Le poids des mots

Le poids des mots

Ah, les sujets de philo du bac ! Ce sont les seuls qui font jaser jusqu’au Café du Commerce, les Français étant le peuple le plus philosophe du monde, maintenant que les Grecs consacrent toute leur énergie à racler les fonds de tiroirs. « Que devons-nous à l’Etat ? » ont demandé les examinateurs retors aux candidats de la section économie. Une formulation piégeuse : ceux qui ont compris « combien devons-nous à l’Etat ? », et qui ont discouru sur la plumaison du contribuable par le Code général des impôts, ceux-là seront taxés d’une banane. Quant à identifier les bienfaits dont nous serions redevables à l’Etat, et qui justifieraient que nous lui devions allégeance, voilà qui mérite en effet discussion. Car le discours officiel emprunte désormais au double langage : la défense nationale est mise à la diète alors que notre pays cherche querelle à des contrées improbables, sur des motifs ésotériques ; les services publics de sécurité, d’éducation, de santé et de justice monopolisent prétendument l’attention publique, alors que les budgets y affectés ne cessent de s’étioler.

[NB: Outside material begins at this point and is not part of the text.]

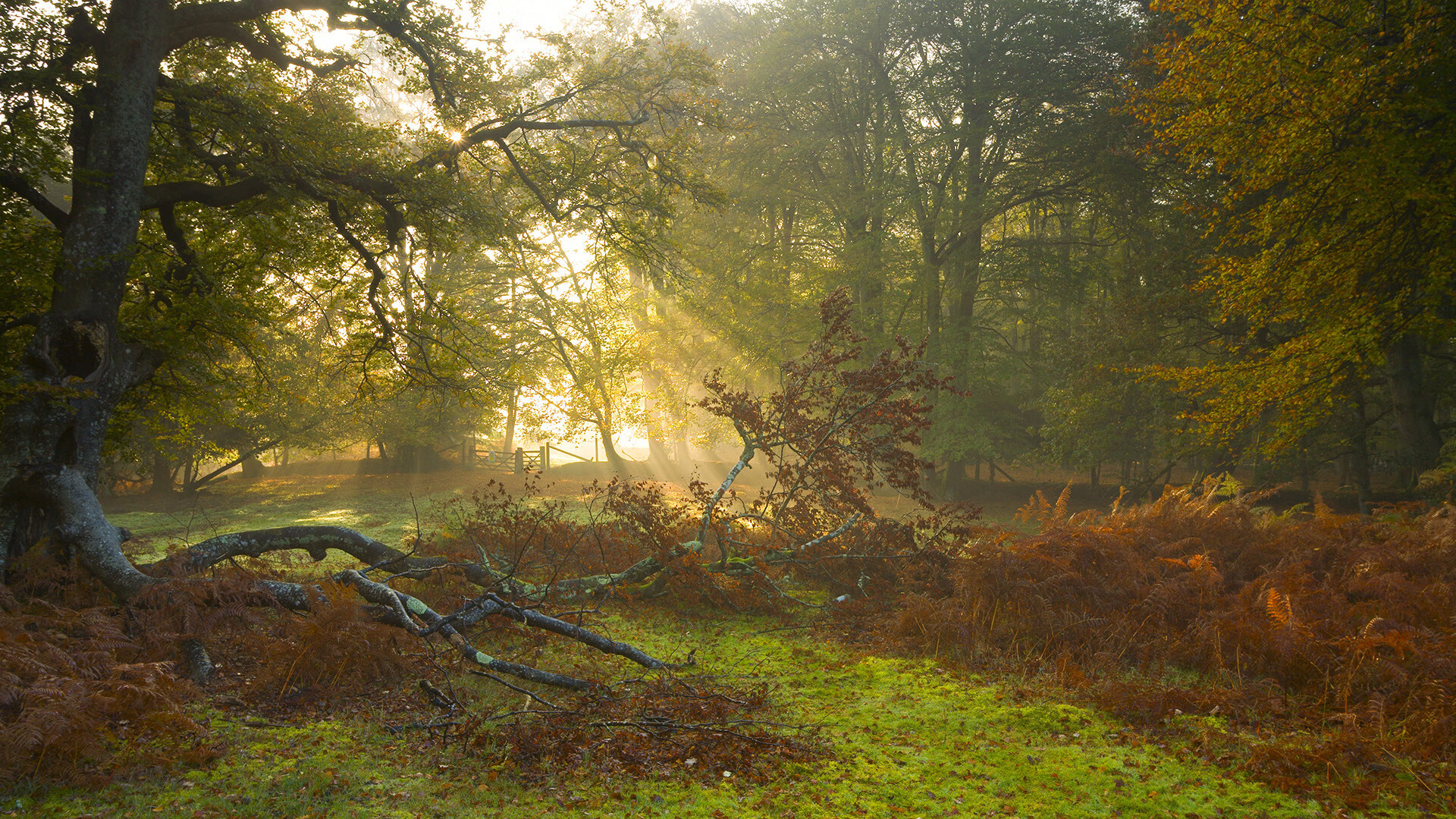 塞尔塔交战表现抢眼,或成球队功臣,塞尔塔b队
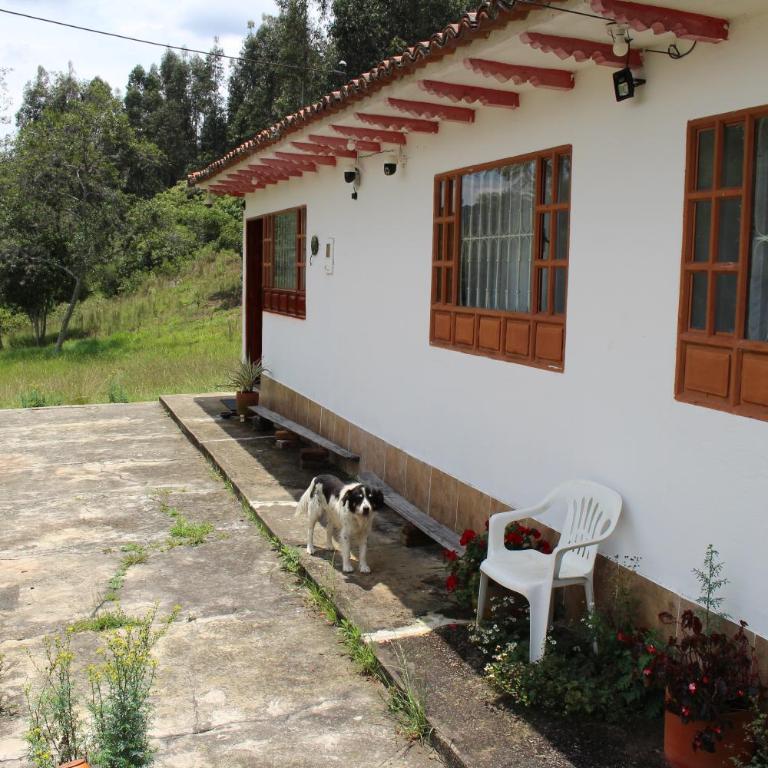 Casa Campestre Buenavista, espacio natural - Casa de 3 dormitorios - 41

Les transferts sociaux, socle de l’Etat-providence, suivent la même voie alors que les populations s’appauvrissent. Bref, s’il n’est pas raisonnable de tout attendre de l’Etat, il n’est pas plus raisonnable d’espérer moins de lui en contribuant davantage à ses œuvres.

A confondre la communication avec l’action, on finit par accorder trop de poids aux mots et par s’exposer aux contresens. Dans l’affaire dite de l’« exception culturelle », la position française a été qualifiée de « réactionnaire » par Barroso, ce qui a été perçu comme une insulte par l’Elysée et la plupart de nos commentateurs. Sauf le respect que l’on doit à l’un et aux autres, une telle interprétation est complètement fautive. Il s’agit plutôt d’un compliment. S’opposer à un changement qui accélère la yankeesation de nos sociétés, voilà une ambition réactionnaire parfaitement courageuse et totalement honorable. On ne remerciera jamais assez la France d’avoir combattu jusqu’au dernier souffle les canons les plus stupides des évangiles de la Commission européenne. En dépit de sa posture révolutionnaire, cette dernière fait montre d’un passéisme blet en voulant imposer à l’Union le dogme recuit d’un américanisme sur le chemin de la déchéance. En ce 18 juin, voilà qui sonne comme l’Appel à la résistance contre la mondialisation culturelle, cette guerre meurtrière contre l’esprit.

La recette du jour

Brouet culturel sauce américaine

Vous êtes affolé à l’idée d’être filé, surveillé, espionné par les grandes oreilles de l’Oncle Sam. Tout cela est indiscret et vulgaire, mais ne prête pas trop à conséquence. En revanche, ce que vous donne à voir et à entendre l’Amérique est beaucoup plus pernicieux. Priez pour que son brouet hollywoodien ne devienne pas la seule offre culturelle mondialisée.